En Oranie, le pataouète avait des caractéristiques propres, marquées notamment par l’abondance des hispanismes ou l’emploi pur et simple de termes castillans. Ainsi un enfant parlait-il de sa bilotche ou de sa bilotcha pour dire un cerf-volant.

Gilbert Espinal avait su recueillir de savoureux dialogues, pittoresques, dans les quartiers d’Oran comme dans sa propre famille. Il en fit une chronique célèbre à la radio locale. Ses différents livres en portent également le précieux témoignage.

Née dans les quartiers populaires, cette façon de parler amusante était néanmoins comprise dans toutes les classes de la société. Les élèves des lycées les plus huppés la pratiquaient très spontanément dans les cours de récréation. Il n’était pas rare, par exemple au lycée Bugeaud, de les entendre exprimer la crainte de se faire agopper par le surgé. Frauder durant un contrôle se disait centrer ; une anti-sèche s’appelait un cartouche ; les élèves trop conformistes étaient des zhibeurs. A Oran, des tchoupons, etc….
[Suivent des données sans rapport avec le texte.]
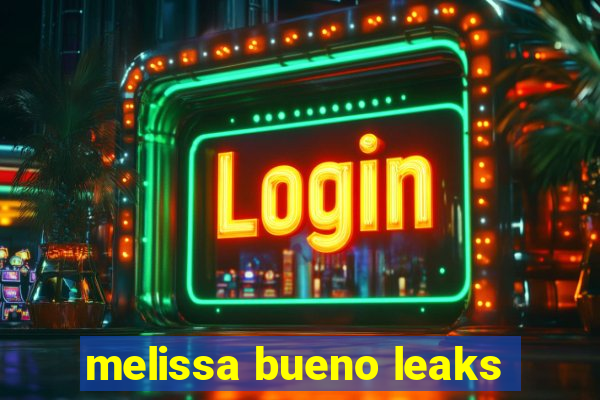 melissa bueno leaks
Mais cette brève analyse ne saurait s’achever sans qu’y soit indiqué que ce langage, très humoristique, ne peut se comprendre sans référence au goût des Pieds-Noirs pour la dérision, la caricature, le rire en général. (Je pense au livre de Gabriel Conesa récemment disparu intitulé « Bab-el-Oued notre paradis perdu »). En effet langue, langage ou simple parlé, le pataouète dévoile ce peuple tel qu’il était quotidiennement, à travers ses blagues, sa gouaille, ses indignations. Il est le témoin d’une époque, le miroir de la vie, de la joie de vivre, de la diversité et de la liberté de cette population, qui aimait le ciel, la terre et la splendeur du monde.